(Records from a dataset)
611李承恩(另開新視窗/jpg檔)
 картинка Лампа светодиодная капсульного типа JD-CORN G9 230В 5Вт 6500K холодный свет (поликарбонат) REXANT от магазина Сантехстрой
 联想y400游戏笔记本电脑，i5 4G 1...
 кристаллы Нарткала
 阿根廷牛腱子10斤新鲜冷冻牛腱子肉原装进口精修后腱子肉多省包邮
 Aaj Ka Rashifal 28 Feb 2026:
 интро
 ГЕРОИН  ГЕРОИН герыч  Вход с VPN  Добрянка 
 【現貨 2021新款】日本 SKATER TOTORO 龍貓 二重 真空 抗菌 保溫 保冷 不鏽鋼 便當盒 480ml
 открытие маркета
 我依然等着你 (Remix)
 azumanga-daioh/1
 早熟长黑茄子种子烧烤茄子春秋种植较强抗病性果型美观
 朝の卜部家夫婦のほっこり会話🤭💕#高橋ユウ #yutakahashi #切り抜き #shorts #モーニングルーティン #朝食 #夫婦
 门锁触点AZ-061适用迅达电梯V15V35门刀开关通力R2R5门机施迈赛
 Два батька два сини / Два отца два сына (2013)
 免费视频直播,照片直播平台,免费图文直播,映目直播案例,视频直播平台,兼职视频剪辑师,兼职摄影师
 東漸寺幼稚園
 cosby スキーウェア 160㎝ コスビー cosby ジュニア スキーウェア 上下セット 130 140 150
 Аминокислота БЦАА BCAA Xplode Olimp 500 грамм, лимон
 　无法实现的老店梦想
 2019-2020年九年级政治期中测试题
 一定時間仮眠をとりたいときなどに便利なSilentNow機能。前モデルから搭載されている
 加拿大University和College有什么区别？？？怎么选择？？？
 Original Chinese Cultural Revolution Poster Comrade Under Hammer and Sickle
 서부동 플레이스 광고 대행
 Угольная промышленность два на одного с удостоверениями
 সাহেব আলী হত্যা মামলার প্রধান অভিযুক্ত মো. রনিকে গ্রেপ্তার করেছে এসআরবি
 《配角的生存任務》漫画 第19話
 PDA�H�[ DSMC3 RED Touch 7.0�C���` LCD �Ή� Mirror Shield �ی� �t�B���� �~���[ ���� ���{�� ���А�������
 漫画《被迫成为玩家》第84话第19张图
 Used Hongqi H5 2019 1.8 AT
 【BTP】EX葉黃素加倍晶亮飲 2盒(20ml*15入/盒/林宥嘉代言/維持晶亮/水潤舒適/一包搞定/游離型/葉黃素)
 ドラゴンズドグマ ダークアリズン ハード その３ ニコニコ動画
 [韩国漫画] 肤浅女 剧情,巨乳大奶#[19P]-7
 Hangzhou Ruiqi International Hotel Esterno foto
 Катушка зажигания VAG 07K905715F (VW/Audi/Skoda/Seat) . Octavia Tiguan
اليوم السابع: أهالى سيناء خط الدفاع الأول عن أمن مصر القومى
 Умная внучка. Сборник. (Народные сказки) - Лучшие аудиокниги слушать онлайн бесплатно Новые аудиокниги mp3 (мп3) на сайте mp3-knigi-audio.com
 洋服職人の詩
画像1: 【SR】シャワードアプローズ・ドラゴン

#### Task requirements:
Repeat only the stretch of lines starting at the one containing "门锁触点AZ-061适用迅达电梯V15V35门刀开关通力R2R5门机施迈赛" and running to the final line of the entries above.

#### Result below:
 门锁触点AZ-061适用迅达电梯V15V35门刀开关通力R2R5门机施迈赛
 Два батька два сини / Два отца два сына (2013)
 免费视频直播,照片直播平台,免费图文直播,映目直播案例,视频直播平台,兼职视频剪辑师,兼职摄影师
 東漸寺幼稚園
 cosby スキーウェア 160㎝ コスビー cosby ジュニア スキーウェア 上下セット 130 140 150
 Аминокислота БЦАА BCAA Xplode Olimp 500 грамм, лимон
 　无法实现的老店梦想
 2019-2020年九年级政治期中测试题
 一定時間仮眠をとりたいときなどに便利なSilentNow機能。前モデルから搭載されている
 加拿大University和College有什么区别？？？怎么选择？？？
 Original Chinese Cultural Revolution Poster Comrade Under Hammer and Sickle
 서부동 플레이스 광고 대행
 Угольная промышленность два на одного с удостоверениями
 সাহেব আলী হত্যা মামলার প্রধান অভিযুক্ত মো. রনিকে গ্রেপ্তার করেছে এসআরবি
 《配角的生存任務》漫画 第19話
 PDA�H�[ DSMC3 RED Touch 7.0�C���` LCD �Ή� Mirror Shield �ی� �t�B���� �~���[ ���� ���{�� ���А�������
 漫画《被迫成为玩家》第84话第19张图
 Used Hongqi H5 2019 1.8 AT
 【BTP】EX葉黃素加倍晶亮飲 2盒(20ml*15入/盒/林宥嘉代言/維持晶亮/水潤舒適/一包搞定/游離型/葉黃素)
 ドラゴンズドグマ ダークアリズン ハード その３ ニコニコ動画
 [韩国漫画] 肤浅女 剧情,巨乳大奶#[19P]-7
 Hangzhou Ruiqi International Hotel Esterno foto
 Катушка зажигания VAG 07K905715F (VW/Audi/Skoda/Seat) . Octavia Tiguan
اليوم السابع: أهالى سيناء خط الدفاع الأول عن أمن مصر القومى
 Умная внучка. Сборник. (Народные сказки) - Лучшие аудиокниги слушать онлайн бесплатно Новые аудиокниги mp3 (мп3) на сайте mp3-knigi-audio.com
 洋服職人の詩
画像1: 【SR】シャワードアプローズ・ドラゴン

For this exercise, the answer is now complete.